Here’s the full listing for the complete implementation:

#include <cassert>
#include <cstddef>
#include <cstdint>
#include <iterator>
#include <list>
#include <map>
#include <optional>
#include <print>
#include <ranges>

template <typename K, typename V> struct CacheValue {
K key;
V value;
uint64_t freq_count;

CacheValue(K key, V value, uint64_t freq_count) : key(key), value(value), freq_count(freq_count) {}
// CacheValue(CacheValue<K, V>&& other) {}
auto operator<=>(const CacheValue<K, V>&) const = default;
};

template <typename K, typename V> struct LFU {
using iterator = std::list<CacheValue<K, V>>::iterator;

size_t capacity;
uint64_t min_freq;

std::map<K, iterator> cache;
std::map<uint64_t, std::list<CacheValue<K, V>>> freq;

LFU(size_t capacity) : capacity(capacity), cache() {}

size_t size() {
return cache.size();
}

std::optional<V> get(const K &key) {
if (cache.contains(key)) {
CacheValue<K, V> &cv = *cache.at(key);
update_frequency(key);
return cv.value;
}

return {};
}

void set(K key, V value) {
if (cache.contains(key)) {
CacheValue<K, V>& cv = *cache.at(key);
cv.value = value;
update_frequency(key);
} else {
if (size() == capacity) {
std::list<CacheValue<K, V>>& freq_list = freq.at(min_freq);
K lfu_key = freq_list.front().key;
freq_list.pop_front();
cache.erase(lfu_key);
}

min_freq = 1;
if (!freq.contains(min_freq)) {
freq[min_freq] = {};
}

std::list<CacheValue<K, V>>& min_list = freq.at(min_freq);
CacheValue<K, V> cv(key, value, 1);
iterator it = min_list.insert(min_list.end(), cv);
cache[key] = it;
}
}

private:
void update_frequency(const K &key) {
assert(cache.contains(key));

iterator& it = cache.at(key);
CacheValue<K, V>& cv = *it;

V value = cv.value;
uint64_t freq_count = cv.freq_count;
uint64_t new_freq_count = freq_count + 1;

std::list<CacheValue<K, V>>& freq_list = freq.at(freq_count);
freq_list.erase(it);

if (freq_list.empty()) {
freq.erase(freq_count);
if (freq_count == min_freq) {
min_freq++;
}
}

if (!freq.contains(new_freq_count)) {
freq[new_freq_count] = {};
}

CacheValue<K, V> new_cv(key, value, new_freq_count);
iterator new_it = freq[new_freq_count].insert(freq[new_freq_count].end(), new_cv);
cache[key] = new_it;
}
};

int main() {
LFU<std::string, uint64_t> freq_cache(3);

freq_cache.set("foo", 11);
freq_cache.set("bar", 22);
freq_cache.set("baz", 33);

freq_cache.get("foo");
std::optional<uint64_t> foo = freq_cache.get("foo");
foo = freq_cache.get("foo");

assert(foo);

std::optional<uint64_t> bar = freq_cache.get("bar");

assert(bar);

freq_cache.set("qux", 44);

std::optional<uint64_t> baz = freq_cache.get("baz");

assert(baz.has_value() == false);

return 0;
}

While there are still improvements to explore I learned a lot about std::list, iterator, tricks with constructors to guide us towards better code, and was able to refresh my understanding of C++ references and qualifiers.

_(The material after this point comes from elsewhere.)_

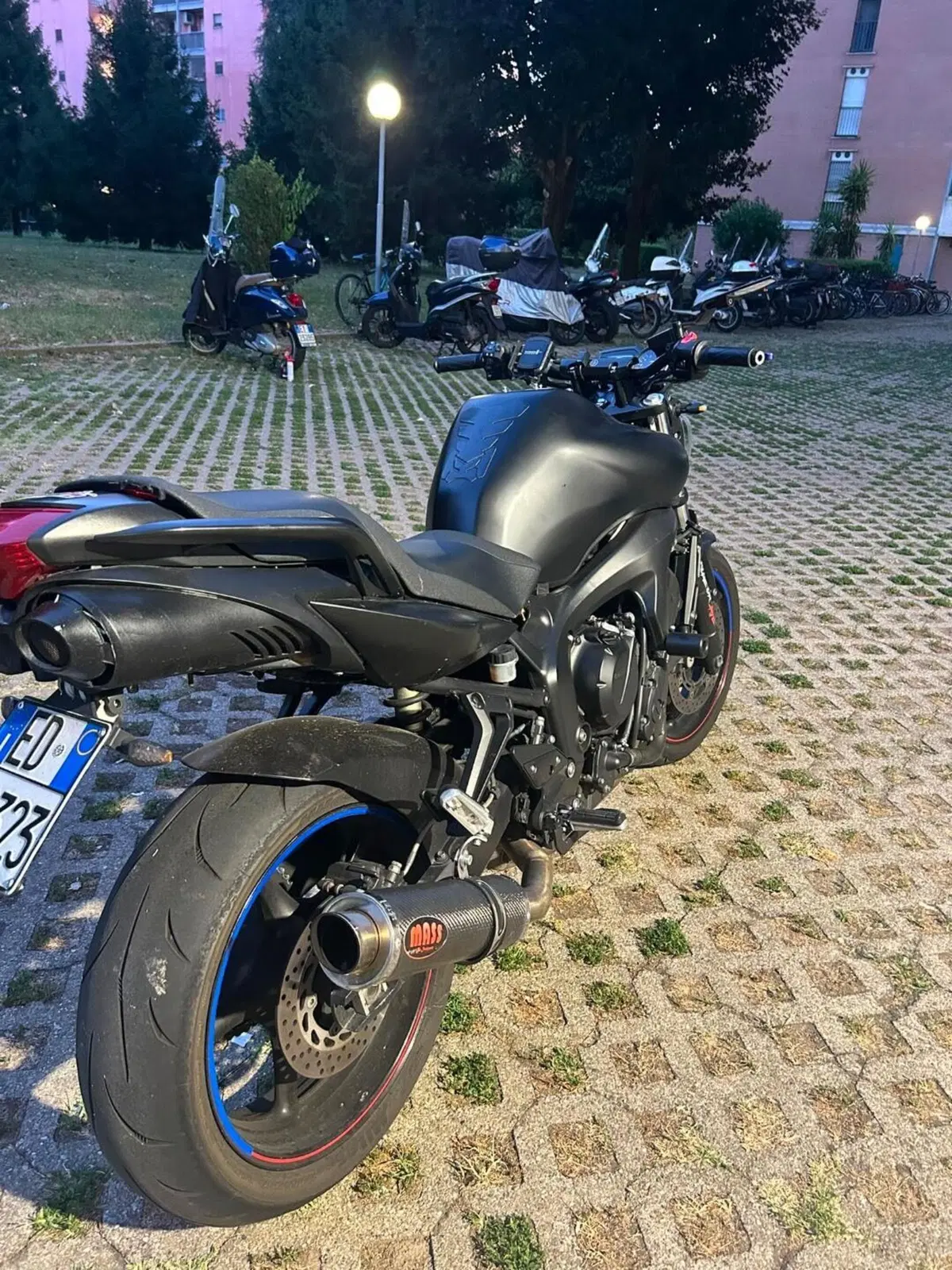 Yamaha FZ6 S2 (2007 - 11) (2)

If I were to move forward with this implementation I would look into making the relationship between cache and freq explicit. I’d also look into trying to simplify those structures further to see if it would make the implementation more simple to manage and reduce the amount of data it stores.

All in all, a great exercise! Thank you for reading. All the best out there and happy hacking!